Добавить в цитаты Настройки чтения

Страница 77 из 171

— Они повели к голове канала толпу верующих с кораном. Ну конечно… и их сагитировали там принять участие в празднике пуска воды. Это какое-то стадо дураков, а не политики, — сказал с раздражением Преображенский. Потом он встал напротив корреспондента, помолчал минуту, будто взвешивая, не осмеливаясь что-то высказать ему. Наконец он тряхнул головой, отвернулся и отошел.

— Инженер, вы хотели мне что-то сказать? — долетел до Преображенского вопрос, в котором чувствовались нотки приказа. — Не стоит так нервничать: как инженер и начальник отдела вы сделали все. У Мухтарова нет оснований обвинять вас в нелояльном отношении к строительству.

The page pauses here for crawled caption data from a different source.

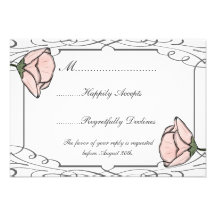 Scrollwork y flor rosada que casan la tarjeta de R Comunicados Personalizados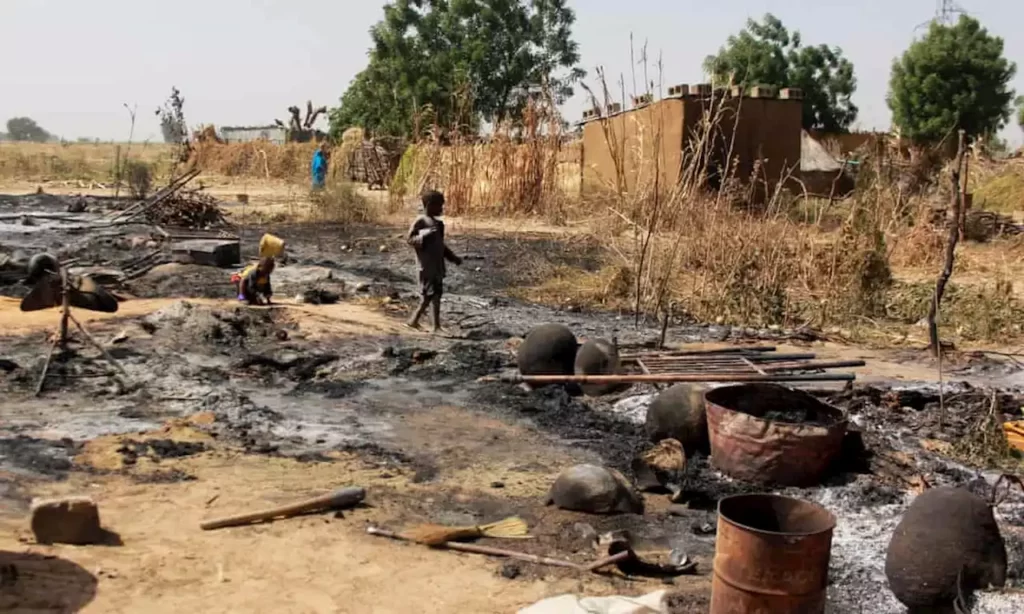 A village Burnt in ashes in Northern Nigeria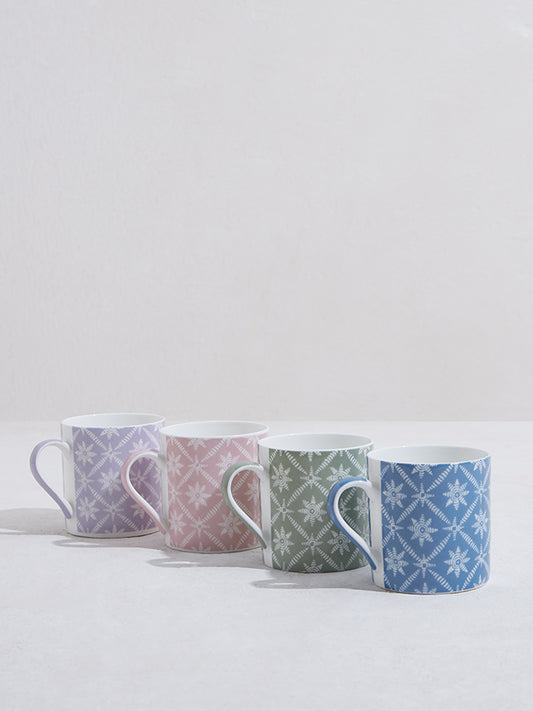 Westside Home Multicolour Floral Design Mugs - (Set of 4)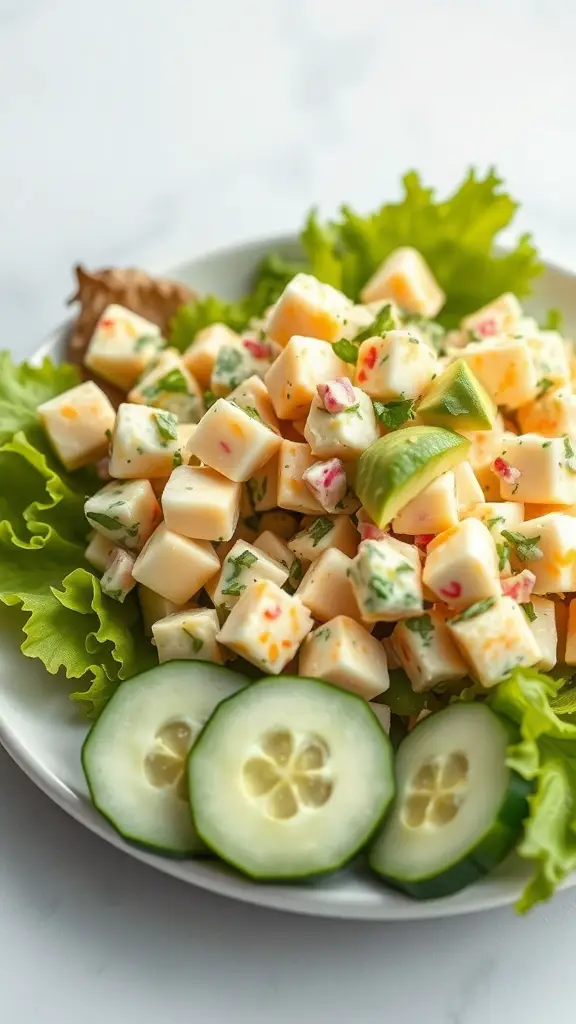 A plate of egg salad with avocado, garnished with lettuce and cucumber slices.
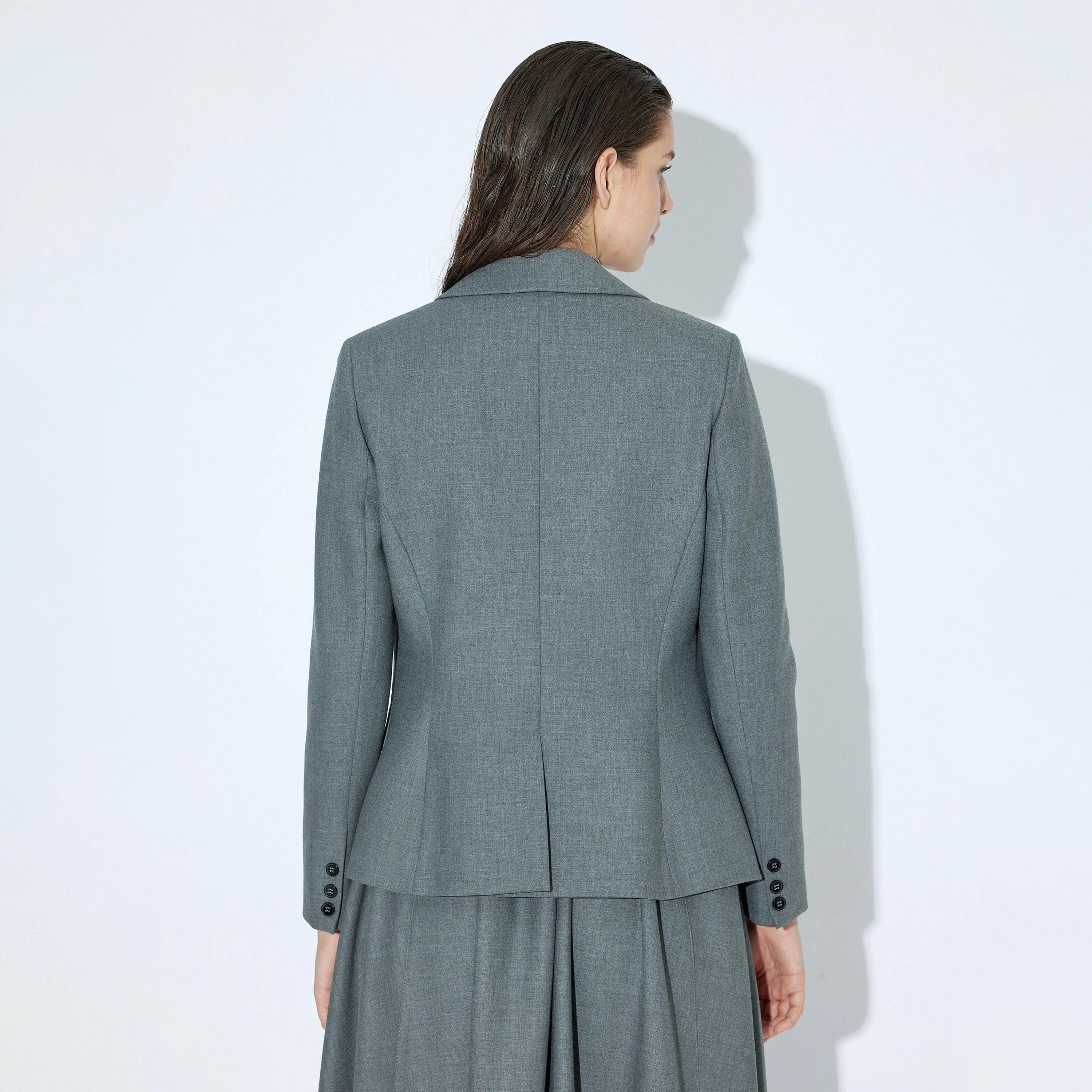KOTON Grey Lapel collar Women's Blazer-women-clothing-coatsandjackets-blazers-image-3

Если вас беспокоит именно это…

— Да перестаньте! Все это значительно сложнее, куда сложнее… Каждая мина… Да разве только мина? Слово «вредительство» стало ходячим на строительстве. Узбеки превратили его в бранное слово «вердитла», а нашего брата, европейца, называют если не «шайтаном», «неверным», то «вердитла»…

Преображенский оборвал фразу, услыхав характерный скрип дверной ручки. Но Молокан так стремительно распахнул дверь, что, наверное, понял, о чем шла речь.

— Прошу извинения, Виталий Нестерович, но у меня неотложное дело, — заговорил он, встав на пороге.

— Что такое? У вас, товарищ Молокан, удивительная манера находить неотложные дела… Ну, давайте, что там такое?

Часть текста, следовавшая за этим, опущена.